Na ocasião, acreditava-se ser a internet um espaço realmente infinito em possibilidades e no qual o ser humano, descolado do seu corpo físico, poderia criar e recriar a si mesmo, indefinidamente, de modos experimentais, através dos chamados “avatares”. Hoje, essa ideia muito está atrelada aos MMOs (do inglês massive multiplayer online), tais quais, por exemplo, “World of Warcraft” e “Second Life”. Aliás, a definição deste último dada pela própria desenvolvedora do jogo, Linden Lab, é “um mundo virtual em 3D onde os usuários podem criar, conectar-se e conversar uns com os outros ao redor do planeta através de voz e texto”.

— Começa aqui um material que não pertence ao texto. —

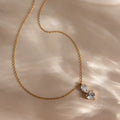 The Lexi Diamond Necklace view 5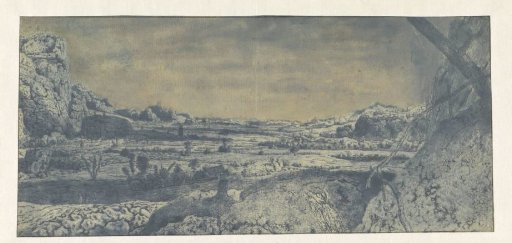 Mountain Valley with Enclosed Fields
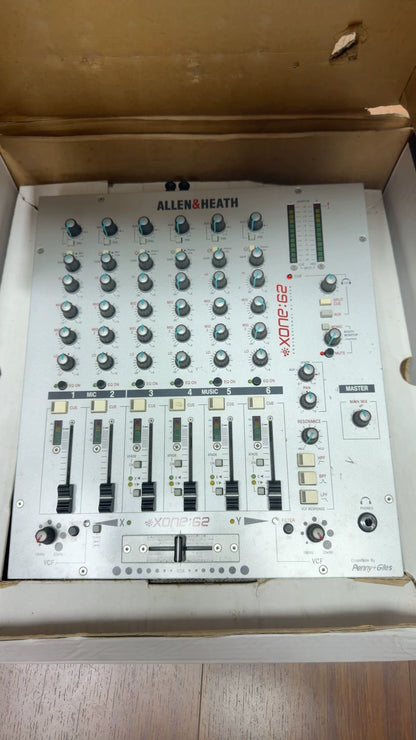 Allen & Heath Xone:62 DJ Mixer with Box – Used – actual item photograph 5
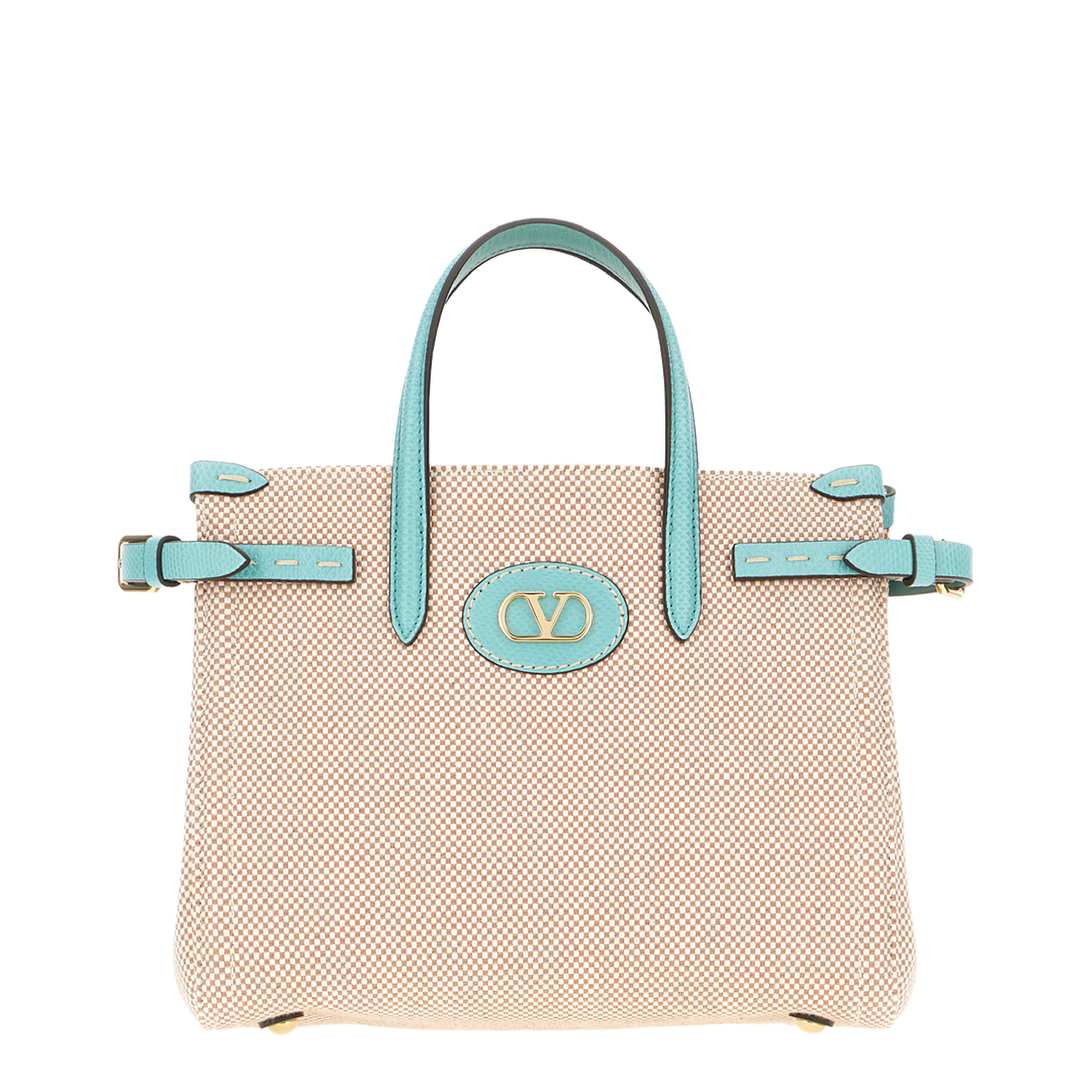 Two-Tone Canvas Antibes Handbag - Image 5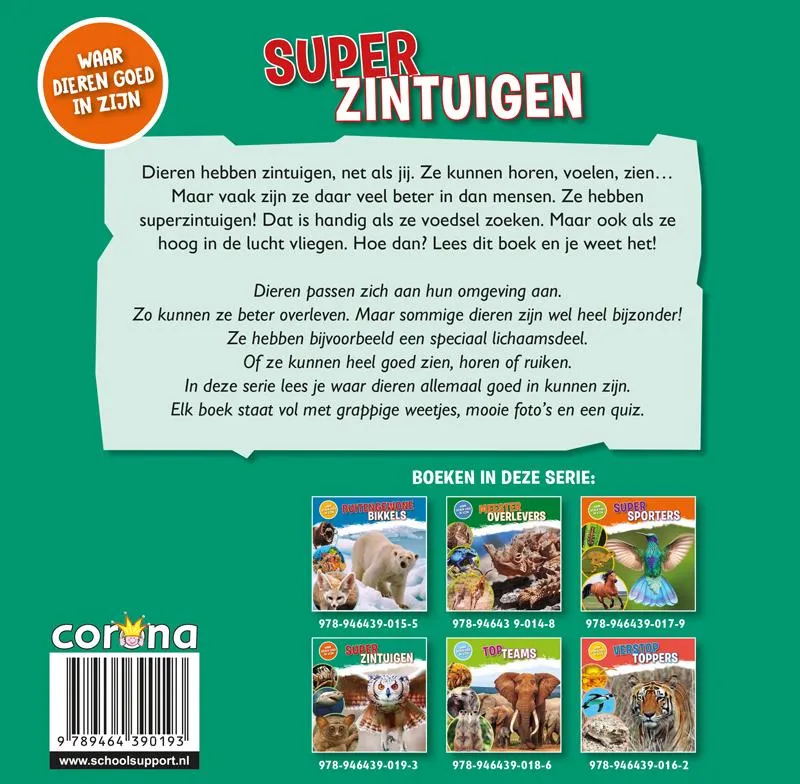 Superzintuigen | 9789464390193 Superzintuigen - Afbeelding 2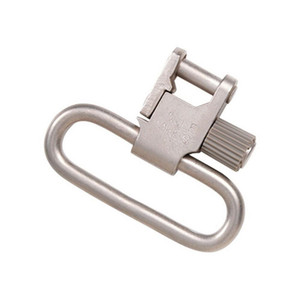 Uncle Mike's - Qd Super Swivel With Tri-lock - Nickel-plated, 1 Inch - 10932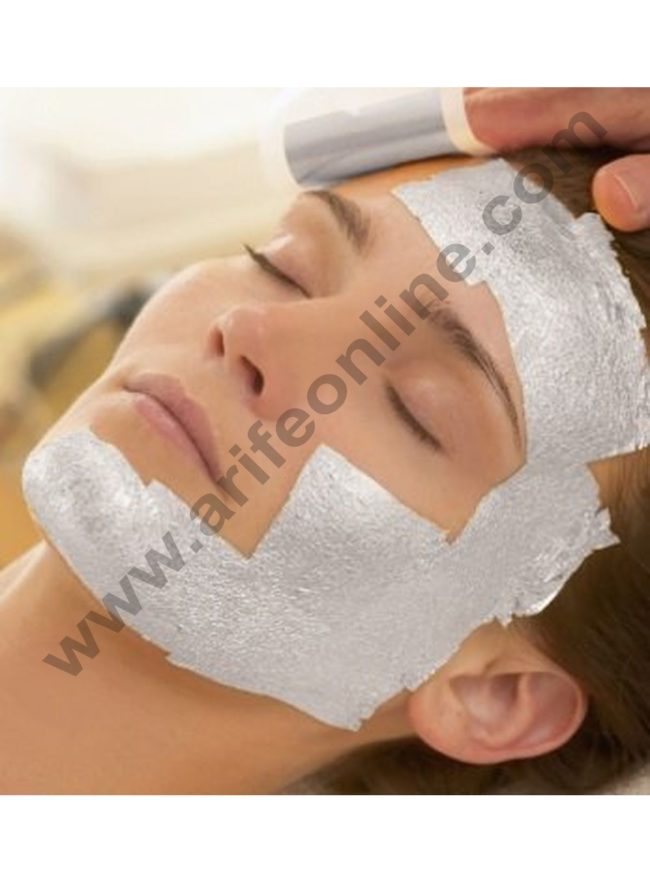 7C Pure Edible Silver Leaf for Cake Decoration, Sweets Decoration, Tem ...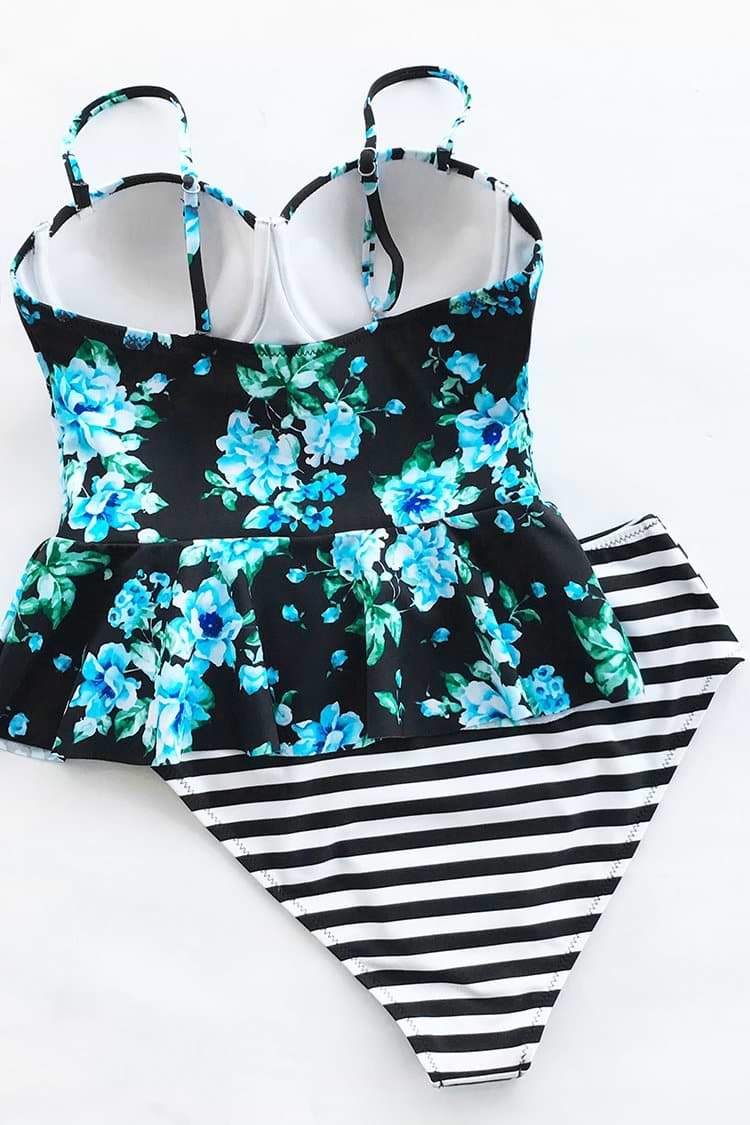 Enjoy Life Stripe Bikini Set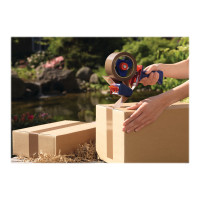 Produktbild för Tesapack Eco & Strong förpackningstejp - 50 mm x 66 m - brun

De certo modo, esse é o conceito é o fio condutor a “San Junipero”, quarto episódio da terceira temporada da série “Black Mirror”. Em síntese, sua trama envolve dois avatares que se conhecem num mundo virtual e formam ali uma conexão que atravessa tempo e espaço e perdura até depois de suas mortes. O episódio ganhou tanta repercussão que, na edição de 2017 do Emmy Awards, recebeu os prêmios de “Outstanding Made for Television Movie” e “Outstanding Writing for a Limited Series, Movie, or Dramatic Special”. No IMDB, possui atualmente nota 8.8 e está em segundo lugar entre os episódios mais bem-avaliados de “Black Mirror”, ficando atrás somente de “White Christmas” (segunda temporada, quarto episódio). Atuações, trilha sonora e figurinos à parte, o que é elementar em San Junipero e explica tamanha popularidade entre o público que acompanha a série, talvez, seja o diálogo que o episódio trava com questões de sexualidade e identidade LGBT, bem como a provocação que faz a respeito dos limites (ou a falta deles) dentro de um mundo que, apesar de virtual, tem repercussões reais e bastante sérias no nosso plano físico.
O enredo foca nas personagens Kelly e Yorkie, duas jovens em um espaço que, à primeira vista e sem muitas explicações, parece funcionar à base de uma espécie de viagem no tempo, mesclando diferentes décadas e ambientes. Ao longo do episódio, revela-se que esse mundo é San Junipero, uma realidade paralela criada na nuvem e na qual transitam pessoas ainda vivas; idosos a quem é permitido o acesso a essa nova tecnologia somente durante algumas poucas horas semanais e, com ela, novas experiências sensoriais por meio de seus jovens avatares. A tecnologia permite, ainda, que seja feito o upload da consciência de pessoas que já faleceram para que “habitem” em San Junipero, de modo que a pós-morte se torne, assim, uma extensão da vida.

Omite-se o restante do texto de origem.